I wrote the Sheriff from scratch, based primarily on the ScanMaster list and later the Qx list. After it was done I started looking at other lists that I could find. This page describes my thoughts and feelings regarding the suiteability of certain formats for the Sheriff alone. One always gets the question Why don't you read list such and so? Well, this page describes why. As related to the Sheriff.
A secondary reason for the extent of this "diatribe" is to provide an overview of the variety of formats and to attempt to put them into historic perspective. By doing this I hope to contribute a little to the process of coming to standardized lists in the general sense.
Maybe there already is a FAQ for textual file formats. In which I would like to know the URL so I can link to it. It is better to come to one standard FAQ then to duplicate one anothers work. In case you're wondering. No, I did - at the time - not know about Checker and others existence for Win32. Had I known I would have done a Java version instead.
Of course it eats list of files. But not just any file. Its favorite meal consists of lists it itself has generated. Prefereably with all the options on top. That way it knows all the necessary ingredients are present and no necessary vitamins have been left out.

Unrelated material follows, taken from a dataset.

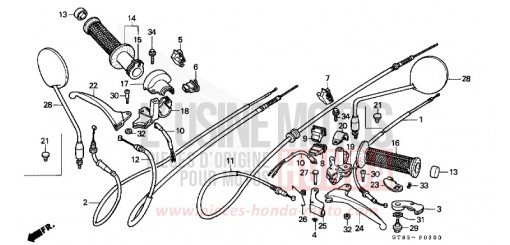 LEVIER DE GUIDON/COMMUTATEUR/CABLE PK50L de 1990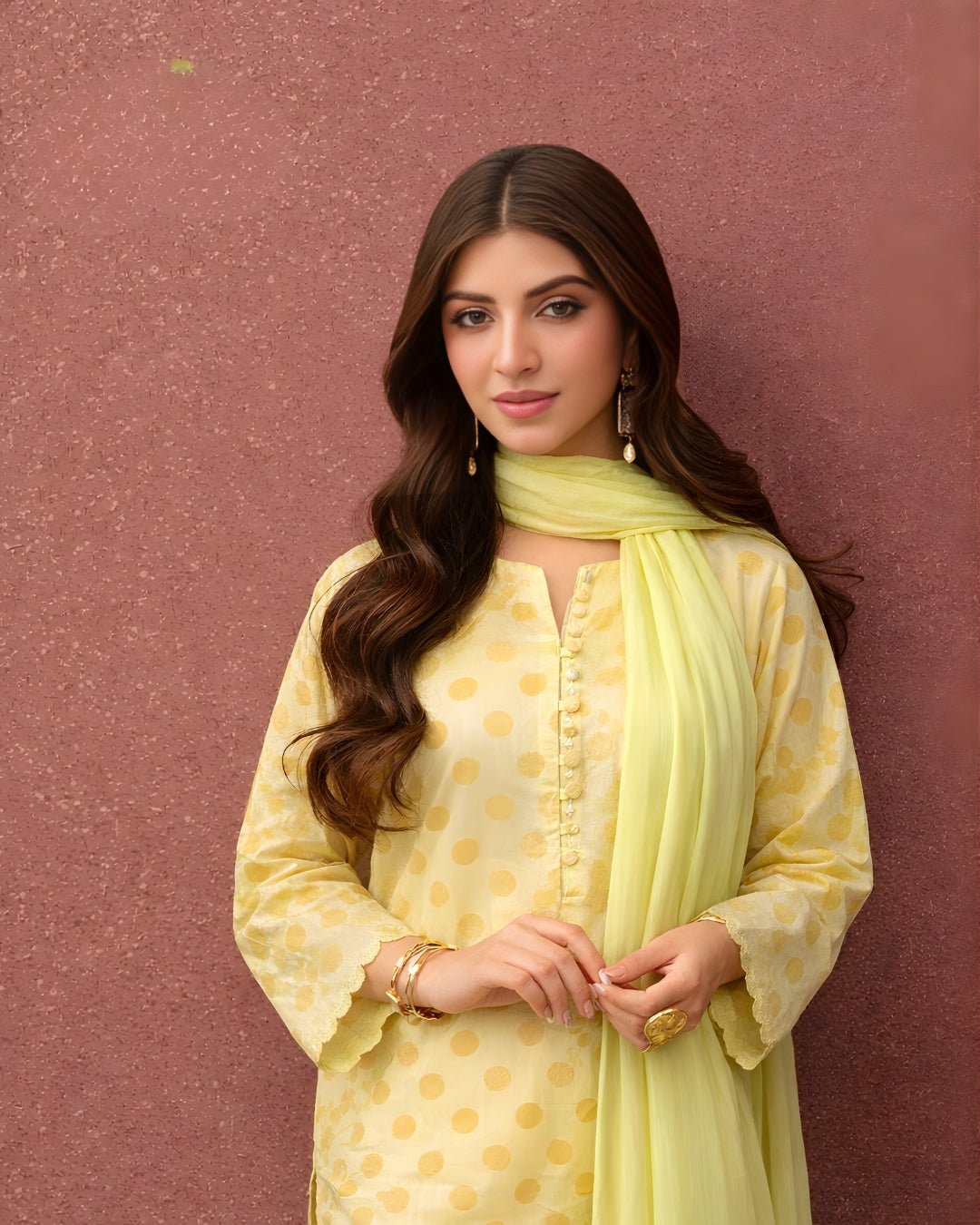 Ayla Studio - Lemon Baft Jacquard Suit For Women - Summer Lemon - 3 Piece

One of the formats that seems to be popular is often termed the CSV list. Probably this refers to Comma Seperated Value list. CSV lists originated, as far as I am aware, with at least WordStar for CP/M. That wordprocessor used those list to facilitate mail-merging form letters. WordStar CSV lists look like this:
In short they are in USASCII. Each line forms one entry for the mail merger to mail a form letter to. Each line is seperated from the next by a CR/LF (CarriageReturn, LineFeed) pair. Each item in a line is seperated from the next, if present, with a comma. An item may be numeric or it may be textual. Textual items are surrounded with quotes.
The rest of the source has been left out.